Elemento distintivo è la capacità dei soggetti locali di lavorare insieme per realizzare percorsi di sviluppo condivisi che mobilitano le risorse locali. Allora si pone un problema di coordinamento e di governance. Di coordinamento perché vanno messi insieme le istituzioni regionali e locali, i rappresentanti dei lavoratori e delle imprese; di governance (in questo caso un coordinamento orizzontale e un’ aggregazione per perseguire interessi comuni, per esempio progetti strategici in vari settori) perché l’accordo deve essere trovato fra tutti coloro che operano per le esigenze reali da soddisfare con i fondi messi a disposizione.
Concretamente, cosa si può fare? Il cuore dei beni collettivi è quello di interpretare i bisogni di tutti e costruire risposte condivise. Perché tutti hanno interesse, direttamente e indirettamente, alla costruzione di quei beni.
Come esempio, possiamo indicare i settori del turismo, dell’ agricoltura, delle bonifiche, dell’edilizia scolastica, del recupero dei piani forestali e dell’ambiente. In tutti questi casi ci deve essere una governance cooperativa fra diversi soggetti che realizzano beni collettivi. Il sindacato, eventualmente e auspicabilmente, può farsi promotore di progetti che possono dare vita ( grazie a processi di formazione-tirocinio remunerati) a piccole imprese o a dipendenti specializzati in settori in cui mancano elevate competenze come nei Parchi (si pensi all’Asinara), nelle Aree marine protette, nei lavori di penetrazione agraria o di rimboschimento, nella chimica dell’ambiente, nei servizi per la qualità delle nostre esistenze.
Le esperienze dei Piani per il lavoro precedenti sono state deludenti anche per le responsabilità dell’amministrazione pubblica e non hanno avuto alcun risultato sul processo di sviluppo regionale.
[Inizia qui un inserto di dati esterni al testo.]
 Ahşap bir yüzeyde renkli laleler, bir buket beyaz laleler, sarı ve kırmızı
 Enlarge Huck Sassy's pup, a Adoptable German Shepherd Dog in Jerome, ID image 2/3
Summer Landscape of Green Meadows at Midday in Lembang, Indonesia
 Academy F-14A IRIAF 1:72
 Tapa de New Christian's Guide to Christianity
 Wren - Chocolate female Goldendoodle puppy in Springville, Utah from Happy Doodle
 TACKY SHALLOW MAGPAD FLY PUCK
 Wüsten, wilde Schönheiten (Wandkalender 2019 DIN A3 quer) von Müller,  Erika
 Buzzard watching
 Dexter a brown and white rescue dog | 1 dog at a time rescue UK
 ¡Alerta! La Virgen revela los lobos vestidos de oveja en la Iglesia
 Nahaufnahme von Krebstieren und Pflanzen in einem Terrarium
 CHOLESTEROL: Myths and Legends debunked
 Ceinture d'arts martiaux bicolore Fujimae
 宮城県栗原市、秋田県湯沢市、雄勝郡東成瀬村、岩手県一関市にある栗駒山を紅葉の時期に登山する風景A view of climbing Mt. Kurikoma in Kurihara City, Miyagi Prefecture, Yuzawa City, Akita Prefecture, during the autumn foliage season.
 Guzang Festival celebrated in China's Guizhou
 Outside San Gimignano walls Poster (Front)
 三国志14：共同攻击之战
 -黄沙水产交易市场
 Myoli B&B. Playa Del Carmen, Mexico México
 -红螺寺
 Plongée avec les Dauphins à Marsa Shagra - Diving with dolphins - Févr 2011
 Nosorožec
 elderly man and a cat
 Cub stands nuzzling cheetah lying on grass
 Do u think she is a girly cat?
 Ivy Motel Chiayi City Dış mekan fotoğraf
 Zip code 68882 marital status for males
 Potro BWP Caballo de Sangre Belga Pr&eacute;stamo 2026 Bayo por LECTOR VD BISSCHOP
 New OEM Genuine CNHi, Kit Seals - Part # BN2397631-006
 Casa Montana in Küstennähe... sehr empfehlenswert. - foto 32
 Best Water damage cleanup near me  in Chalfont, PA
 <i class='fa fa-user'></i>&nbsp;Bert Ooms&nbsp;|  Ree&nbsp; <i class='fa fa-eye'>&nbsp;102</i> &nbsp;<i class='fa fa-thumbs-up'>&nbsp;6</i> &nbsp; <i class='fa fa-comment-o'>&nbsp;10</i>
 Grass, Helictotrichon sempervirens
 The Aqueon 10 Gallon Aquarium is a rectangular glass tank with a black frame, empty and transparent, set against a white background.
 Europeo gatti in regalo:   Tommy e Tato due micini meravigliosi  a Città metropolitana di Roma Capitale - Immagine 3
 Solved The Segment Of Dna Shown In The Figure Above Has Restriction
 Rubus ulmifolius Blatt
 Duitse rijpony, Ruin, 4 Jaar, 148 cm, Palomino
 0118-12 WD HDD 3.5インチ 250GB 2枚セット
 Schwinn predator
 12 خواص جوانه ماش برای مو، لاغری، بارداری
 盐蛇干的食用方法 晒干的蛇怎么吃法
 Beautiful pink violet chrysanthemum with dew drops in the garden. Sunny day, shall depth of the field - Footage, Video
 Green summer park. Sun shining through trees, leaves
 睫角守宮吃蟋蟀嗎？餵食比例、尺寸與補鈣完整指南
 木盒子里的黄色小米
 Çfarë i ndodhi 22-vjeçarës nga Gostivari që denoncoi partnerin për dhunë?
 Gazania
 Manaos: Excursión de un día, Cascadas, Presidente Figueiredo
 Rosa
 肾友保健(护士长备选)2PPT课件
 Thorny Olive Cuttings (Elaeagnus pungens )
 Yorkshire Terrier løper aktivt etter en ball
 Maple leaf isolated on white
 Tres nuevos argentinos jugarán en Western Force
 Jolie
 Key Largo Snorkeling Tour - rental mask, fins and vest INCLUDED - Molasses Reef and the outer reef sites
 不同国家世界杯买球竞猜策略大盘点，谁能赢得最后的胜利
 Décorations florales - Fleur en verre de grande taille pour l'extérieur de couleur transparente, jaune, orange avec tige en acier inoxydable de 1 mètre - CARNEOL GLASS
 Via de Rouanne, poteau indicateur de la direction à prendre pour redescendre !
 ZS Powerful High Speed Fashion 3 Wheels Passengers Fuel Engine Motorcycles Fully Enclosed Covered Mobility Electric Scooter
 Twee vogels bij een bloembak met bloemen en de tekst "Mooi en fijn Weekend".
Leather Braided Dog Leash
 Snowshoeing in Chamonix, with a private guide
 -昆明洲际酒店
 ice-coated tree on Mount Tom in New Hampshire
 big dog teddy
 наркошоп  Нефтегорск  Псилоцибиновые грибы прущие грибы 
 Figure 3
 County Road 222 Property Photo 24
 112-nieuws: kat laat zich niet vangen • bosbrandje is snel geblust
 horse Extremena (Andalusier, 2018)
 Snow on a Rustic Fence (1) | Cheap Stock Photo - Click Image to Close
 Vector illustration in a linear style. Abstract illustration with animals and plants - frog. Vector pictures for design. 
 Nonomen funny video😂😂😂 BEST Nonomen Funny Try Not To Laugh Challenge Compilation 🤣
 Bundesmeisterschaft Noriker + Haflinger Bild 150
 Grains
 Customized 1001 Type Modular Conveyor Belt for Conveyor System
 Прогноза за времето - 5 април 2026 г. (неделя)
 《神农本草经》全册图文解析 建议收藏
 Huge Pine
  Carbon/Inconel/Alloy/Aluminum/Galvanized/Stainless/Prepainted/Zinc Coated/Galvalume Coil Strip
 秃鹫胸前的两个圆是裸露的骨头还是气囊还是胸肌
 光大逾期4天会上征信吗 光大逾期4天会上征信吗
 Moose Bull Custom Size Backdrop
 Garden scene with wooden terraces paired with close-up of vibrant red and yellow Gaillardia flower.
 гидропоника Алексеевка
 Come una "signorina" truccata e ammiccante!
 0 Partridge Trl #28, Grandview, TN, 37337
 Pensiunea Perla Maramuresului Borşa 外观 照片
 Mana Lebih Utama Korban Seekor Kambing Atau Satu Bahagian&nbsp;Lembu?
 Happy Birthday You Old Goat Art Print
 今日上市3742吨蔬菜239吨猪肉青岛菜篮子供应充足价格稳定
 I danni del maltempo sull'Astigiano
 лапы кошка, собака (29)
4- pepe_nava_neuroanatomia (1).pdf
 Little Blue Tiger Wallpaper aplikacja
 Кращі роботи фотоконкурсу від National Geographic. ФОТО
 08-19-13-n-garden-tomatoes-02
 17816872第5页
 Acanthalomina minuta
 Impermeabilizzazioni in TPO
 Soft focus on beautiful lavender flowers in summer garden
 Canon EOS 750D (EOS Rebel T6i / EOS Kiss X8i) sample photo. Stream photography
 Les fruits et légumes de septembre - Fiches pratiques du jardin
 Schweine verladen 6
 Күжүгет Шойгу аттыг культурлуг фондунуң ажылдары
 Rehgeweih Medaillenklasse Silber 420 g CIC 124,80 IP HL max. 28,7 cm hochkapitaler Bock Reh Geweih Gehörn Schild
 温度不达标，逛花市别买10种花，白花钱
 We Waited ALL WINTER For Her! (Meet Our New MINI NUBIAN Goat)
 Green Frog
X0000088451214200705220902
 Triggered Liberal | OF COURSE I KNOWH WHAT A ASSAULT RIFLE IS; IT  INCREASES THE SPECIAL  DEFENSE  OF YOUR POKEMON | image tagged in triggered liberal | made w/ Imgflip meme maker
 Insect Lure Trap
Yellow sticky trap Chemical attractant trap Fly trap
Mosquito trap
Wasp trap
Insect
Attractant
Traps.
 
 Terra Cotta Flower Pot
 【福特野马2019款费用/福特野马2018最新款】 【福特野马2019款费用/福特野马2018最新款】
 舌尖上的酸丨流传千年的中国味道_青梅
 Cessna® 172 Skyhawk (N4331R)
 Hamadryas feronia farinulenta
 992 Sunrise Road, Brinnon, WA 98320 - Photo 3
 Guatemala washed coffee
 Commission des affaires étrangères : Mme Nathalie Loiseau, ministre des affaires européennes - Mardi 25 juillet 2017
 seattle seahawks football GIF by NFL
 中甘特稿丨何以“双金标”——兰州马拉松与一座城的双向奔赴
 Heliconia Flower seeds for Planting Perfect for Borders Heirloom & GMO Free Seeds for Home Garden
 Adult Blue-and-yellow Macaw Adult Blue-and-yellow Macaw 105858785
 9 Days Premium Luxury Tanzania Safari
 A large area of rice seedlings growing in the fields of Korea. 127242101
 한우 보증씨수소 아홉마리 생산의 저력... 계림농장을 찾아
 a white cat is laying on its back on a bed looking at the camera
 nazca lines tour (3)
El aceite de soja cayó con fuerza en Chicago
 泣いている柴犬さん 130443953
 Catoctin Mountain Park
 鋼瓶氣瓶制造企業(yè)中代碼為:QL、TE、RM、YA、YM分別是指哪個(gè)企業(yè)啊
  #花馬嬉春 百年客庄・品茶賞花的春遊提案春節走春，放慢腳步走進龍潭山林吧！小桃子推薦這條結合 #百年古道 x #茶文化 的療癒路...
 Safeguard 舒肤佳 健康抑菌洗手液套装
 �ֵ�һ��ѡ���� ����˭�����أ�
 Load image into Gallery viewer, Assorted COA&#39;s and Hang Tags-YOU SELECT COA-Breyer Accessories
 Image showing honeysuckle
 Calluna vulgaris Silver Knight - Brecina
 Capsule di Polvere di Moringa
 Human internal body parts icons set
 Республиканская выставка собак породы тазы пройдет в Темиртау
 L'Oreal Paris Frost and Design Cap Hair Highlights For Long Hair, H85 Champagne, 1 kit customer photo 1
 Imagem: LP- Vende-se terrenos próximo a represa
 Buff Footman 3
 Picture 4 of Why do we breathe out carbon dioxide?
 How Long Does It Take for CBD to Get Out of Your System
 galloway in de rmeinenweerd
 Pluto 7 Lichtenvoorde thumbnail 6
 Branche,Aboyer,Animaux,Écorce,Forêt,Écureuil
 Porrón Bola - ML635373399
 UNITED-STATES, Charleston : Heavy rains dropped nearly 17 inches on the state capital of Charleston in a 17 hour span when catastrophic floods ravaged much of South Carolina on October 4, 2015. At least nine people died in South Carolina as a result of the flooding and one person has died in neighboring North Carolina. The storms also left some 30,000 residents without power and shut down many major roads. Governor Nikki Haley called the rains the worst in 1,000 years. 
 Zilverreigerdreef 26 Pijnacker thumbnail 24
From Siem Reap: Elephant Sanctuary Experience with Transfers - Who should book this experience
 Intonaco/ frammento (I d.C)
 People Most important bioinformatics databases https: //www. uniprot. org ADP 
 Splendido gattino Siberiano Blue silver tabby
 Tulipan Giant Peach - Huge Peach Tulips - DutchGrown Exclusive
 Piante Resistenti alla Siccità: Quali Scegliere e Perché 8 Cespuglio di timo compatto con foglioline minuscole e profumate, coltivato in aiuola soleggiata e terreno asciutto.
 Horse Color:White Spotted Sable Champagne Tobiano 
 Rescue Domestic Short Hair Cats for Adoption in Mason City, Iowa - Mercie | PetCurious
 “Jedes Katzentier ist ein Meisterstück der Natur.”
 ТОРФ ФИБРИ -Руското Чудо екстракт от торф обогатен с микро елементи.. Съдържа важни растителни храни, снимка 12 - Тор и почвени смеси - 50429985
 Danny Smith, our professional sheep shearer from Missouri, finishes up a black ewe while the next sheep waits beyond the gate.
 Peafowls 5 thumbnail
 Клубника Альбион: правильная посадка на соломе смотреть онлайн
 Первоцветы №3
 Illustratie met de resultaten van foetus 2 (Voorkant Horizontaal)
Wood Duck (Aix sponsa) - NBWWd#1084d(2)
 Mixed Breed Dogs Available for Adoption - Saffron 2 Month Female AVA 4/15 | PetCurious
Ciò che si chiede oggi alla CGIL, dopo aver strappato meritoriamente 100 milioni alla Giunta Regionale, è un piano che non si limiti ad appagare meri interessi di categoria, ma dia un contributo allo sviluppo regionale , contemporaneamente alla giusta soddisfazione di esigenze primarie dei lavoratori. E’ ambizioso, però, si può e si deve fare.